Una percezione che si può senz’altro condividere. Nessuno può dubitare che un regime religioso intollerante, come quello che i talebani avevano instaurato in Afghanistan nel breve periodo della loro permanenza al governo (1996-2001), violi la logica più profonda della politica, che deve garantire un sano pluralismo intellettuale ed etico. E nessuno che non sia un illuso (ma a quanto pare ce ne sono sul nostro scenario politico) può credere che il nuovo governo degli “studenti del Corano” sarà diverso da quello precedente. Le dichiarazioni rassicuranti in questo senso stanno già avendo ampie smentite dalle notizie di persecuzioni e repressioni da parte dei vincitori.
Particolarmente drammatico si profila il destino delle donne, ormai aperte, dopo vent’anni di libertà, a una visone di se stesse e del loro ruolo nella società simile a quello delle occidentali, e ora minacciate dall’incubo di una regressione paurosa a una condizione di minorità e di reclusione.
Le contraddizioni del relativismo
Ciò che lascia perplessi non sono dunque i motivi della generale recriminazione, in Occidente, di quanto sta accadendo in Afghanistan, ma la coerenza tra questi motivi, in sé validissimi, e una cultura diffusa, al punto da essere dominante, che fa del relativismo etico il fondamento indiscutibile (e già questa, a dire il vero, è la insanabile contraddizione interna a questa posizione) di una civiltà degna di questo nome.
Se non ci sono verità e bene assoluti, se i valori sono relativi alle culture, come si sbandiera in ogni occasione, neanche i diritti umani dovrebbero esserlo. Non dovremmo, in tal caso, avere alcun motivo per essere tristi di quanto sta accadendo in Afghanistan, tanto più che dagli indizi a nostra disposizione sembra emergere chiaramente che il popolo di là non è vittima di una violenza subita dall’esterno, anzi ha percepito in questi anni come una violenza proprio il nostro intervento di occidentali per far valere quei diritti.
O dobbiamo riconoscere che il relativismo è una visione inadeguata dell’umano, che ne misconosce alcune costanti antropologiche ed etiche indiscutibili, di cui avvertiamo l’assolutezza proprio in circostanze simili a questa? Oggi, in una cultura come la nostra, in cui parlare ancora di “natura umana” viene considerato un segno evidente di bigottismo, dovremmo ammettere che non esiste alcuna base comune tra l’umanità delle donne occidentali e quella delle donne afghane, e che, in forza della incommensurabilità delle culture, va bene alle seconde ciò che per le prime sarebbe una inaudita violenza?

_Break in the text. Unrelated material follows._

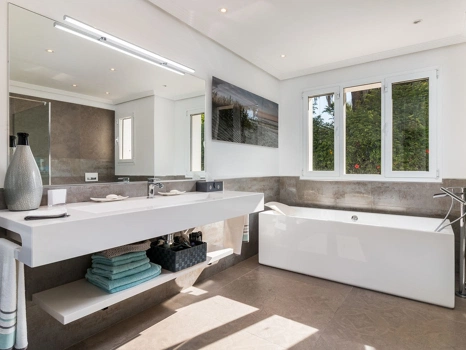 Villa en venta en Benahavis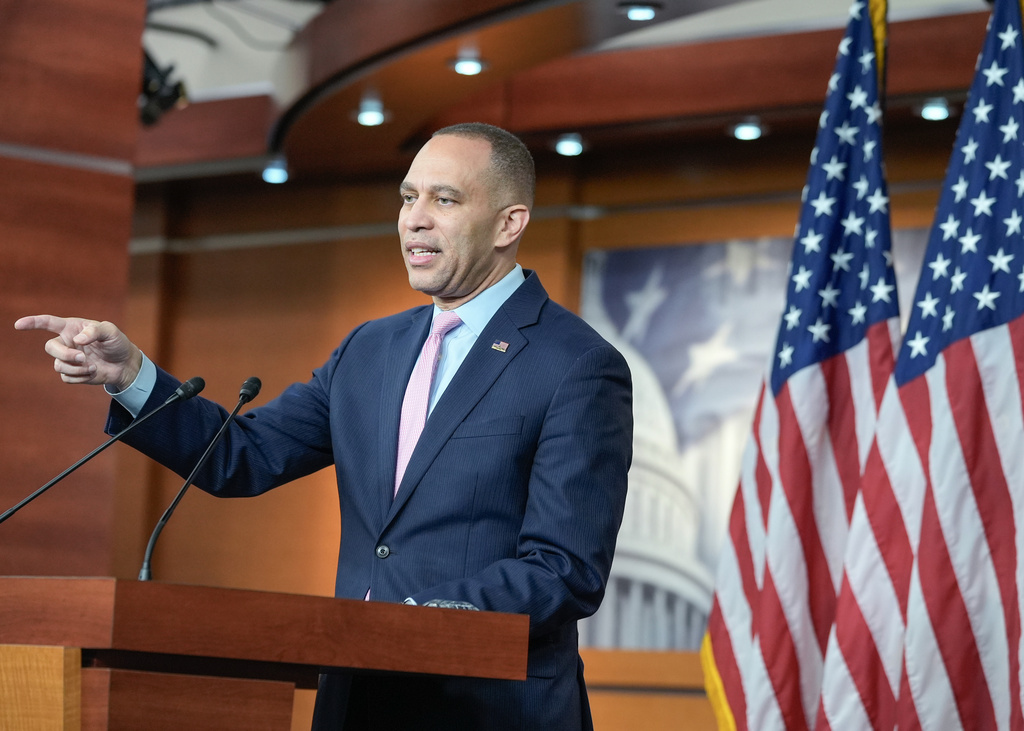 Jeffries says funding bills won’t move forward until there is ‘dramatic change’ in ICE funding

Ma forse, se si smette di considerare con scetticismo questa identità di fondo dell’umano (che la si chiami “natura”, oppure no, poco importa), anche il modo di farla valere non può essere quella adottata finora dai Paesi ricchi e potenti della terra nei confronti di quelli poveri, troppo simile, come abbiamo visto, al vecchio colonialismo. Altrimenti sarà sempre legittimo il sospetto che, dietro le operazioni “umanitarie” dell’Occidente – così come dietro la loro brusca interruzione – ci siano sempre e solo i suoi interessi. È questo, non un’impossibilità oggettiva, che rende inesportabile la democrazia.